TASK TO CARRY OUT: Exactly reproduce the line containing "TFUEL & THETA - PRICE UPDATE!" together with every line after it, through the end of the entries, and give nothing more.

DATA IN THIS EXERCISE:
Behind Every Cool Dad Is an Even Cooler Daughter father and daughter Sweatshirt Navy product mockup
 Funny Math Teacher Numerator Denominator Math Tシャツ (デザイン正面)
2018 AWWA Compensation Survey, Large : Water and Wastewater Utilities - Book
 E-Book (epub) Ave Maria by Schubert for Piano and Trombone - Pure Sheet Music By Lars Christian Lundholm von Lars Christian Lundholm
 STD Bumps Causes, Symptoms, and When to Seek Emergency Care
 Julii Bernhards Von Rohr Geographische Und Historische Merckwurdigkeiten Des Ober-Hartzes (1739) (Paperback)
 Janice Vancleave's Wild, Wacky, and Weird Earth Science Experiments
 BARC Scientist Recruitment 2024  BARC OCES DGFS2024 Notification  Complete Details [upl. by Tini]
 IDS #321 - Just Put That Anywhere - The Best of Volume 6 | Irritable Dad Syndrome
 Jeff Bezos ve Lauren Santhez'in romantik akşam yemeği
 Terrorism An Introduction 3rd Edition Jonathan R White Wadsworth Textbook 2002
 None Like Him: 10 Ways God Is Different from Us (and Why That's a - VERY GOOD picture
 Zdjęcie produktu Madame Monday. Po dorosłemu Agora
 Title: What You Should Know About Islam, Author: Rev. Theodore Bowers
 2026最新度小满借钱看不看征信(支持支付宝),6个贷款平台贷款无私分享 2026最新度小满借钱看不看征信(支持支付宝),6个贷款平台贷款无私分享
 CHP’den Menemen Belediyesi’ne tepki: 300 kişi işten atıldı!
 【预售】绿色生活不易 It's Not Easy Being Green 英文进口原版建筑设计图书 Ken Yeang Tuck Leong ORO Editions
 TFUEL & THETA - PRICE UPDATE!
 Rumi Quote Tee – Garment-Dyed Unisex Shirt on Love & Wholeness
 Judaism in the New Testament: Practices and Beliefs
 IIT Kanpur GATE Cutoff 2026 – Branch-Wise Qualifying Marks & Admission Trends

ANSWER SPACE:
 TFUEL & THETA - PRICE UPDATE!
 Rumi Quote Tee – Garment-Dyed Unisex Shirt on Love & Wholeness
 Judaism in the New Testament: Practices and Beliefs
 IIT Kanpur GATE Cutoff 2026 – Branch-Wise Qualifying Marks & Admission Trends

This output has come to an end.